• [Supplied records]
§ §

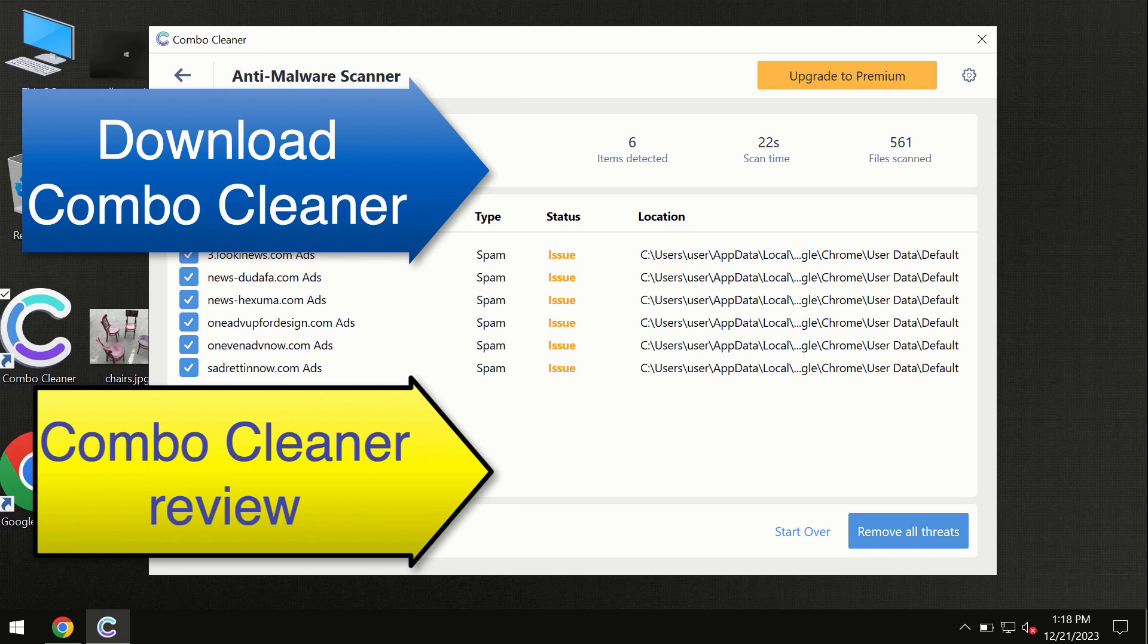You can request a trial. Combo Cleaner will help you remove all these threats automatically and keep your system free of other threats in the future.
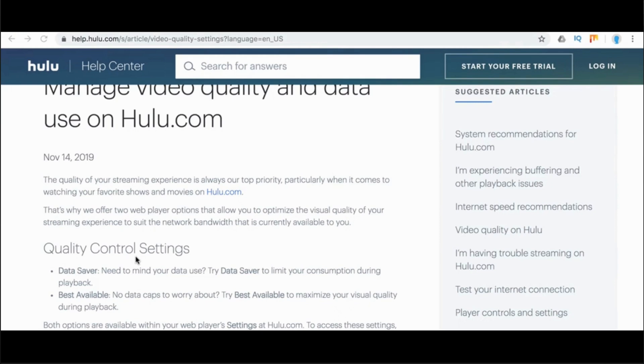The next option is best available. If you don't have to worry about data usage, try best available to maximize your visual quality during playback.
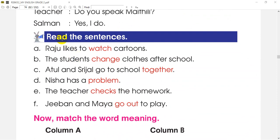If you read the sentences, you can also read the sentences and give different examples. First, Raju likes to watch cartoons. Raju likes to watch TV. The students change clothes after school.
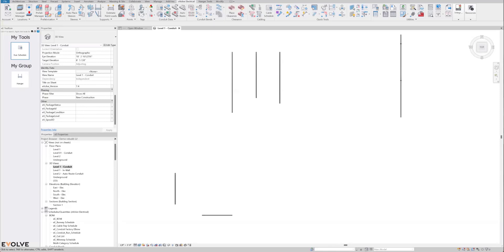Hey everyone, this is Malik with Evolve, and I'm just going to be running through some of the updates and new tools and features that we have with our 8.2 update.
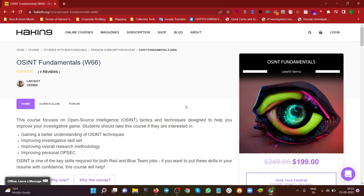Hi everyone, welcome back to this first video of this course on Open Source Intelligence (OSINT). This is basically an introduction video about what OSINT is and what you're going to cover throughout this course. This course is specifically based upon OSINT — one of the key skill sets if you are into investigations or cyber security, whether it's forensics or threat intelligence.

§ §

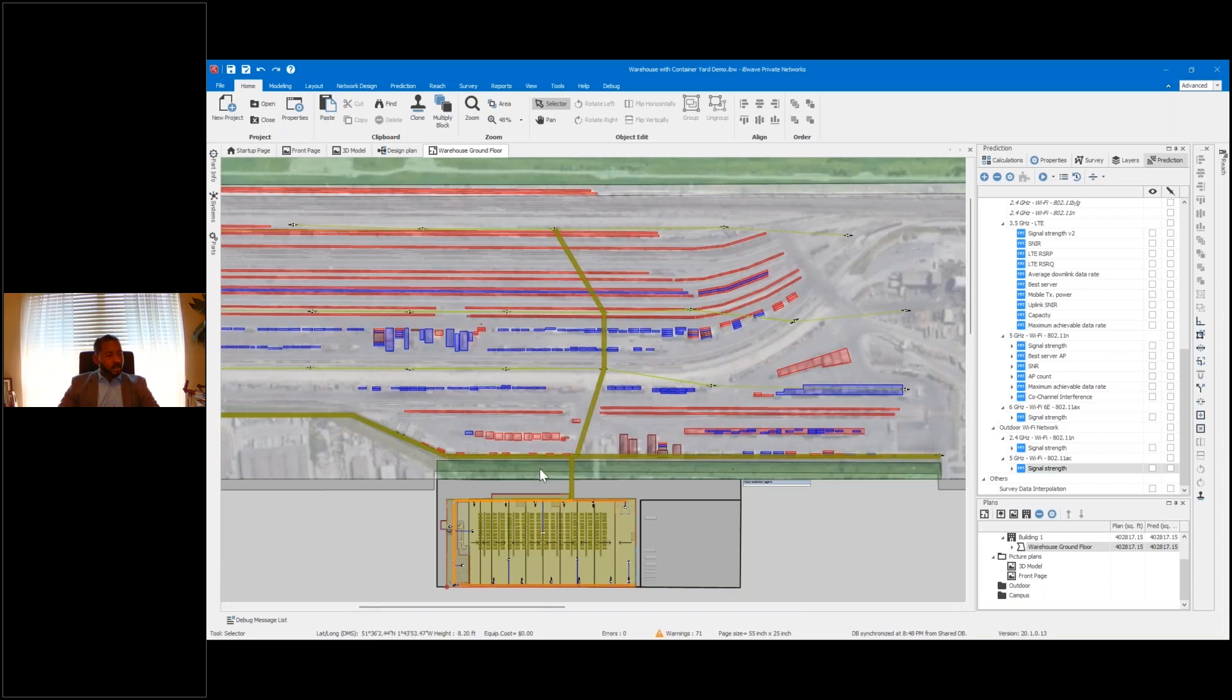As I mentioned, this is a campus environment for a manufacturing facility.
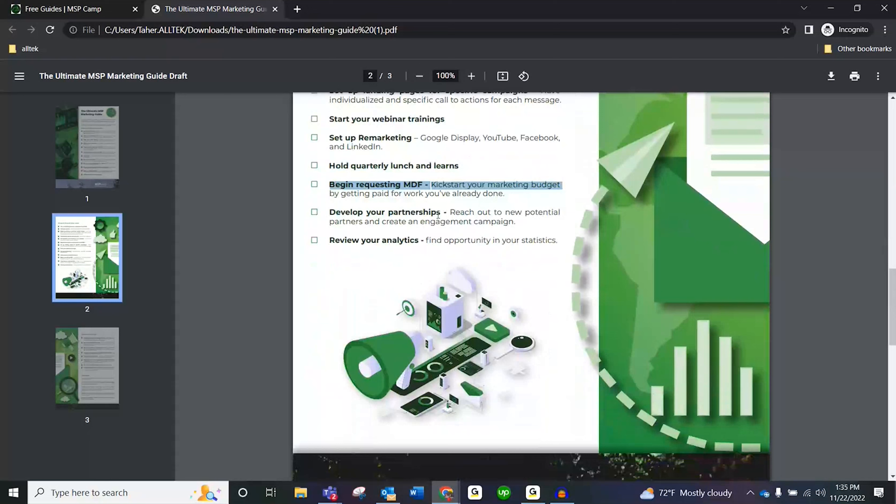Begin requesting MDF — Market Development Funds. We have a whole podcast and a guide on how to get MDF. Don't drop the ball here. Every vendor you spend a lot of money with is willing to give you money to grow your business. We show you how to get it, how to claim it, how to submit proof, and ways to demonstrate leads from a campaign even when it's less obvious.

§ §

• [Exercise aim]
Only one stretch of the material above is wanted: the line containing "You can request" through the line containing "The next option". Restate it word for word, minus the pictures.

• [Answer to the exercise]
You can request a trial. Combo Cleaner will help you remove all these threats automatically and keep your system free of other threats in the future.
The next option is best available. If you don't have to worry about data usage, try best available to maximize your visual quality during playback.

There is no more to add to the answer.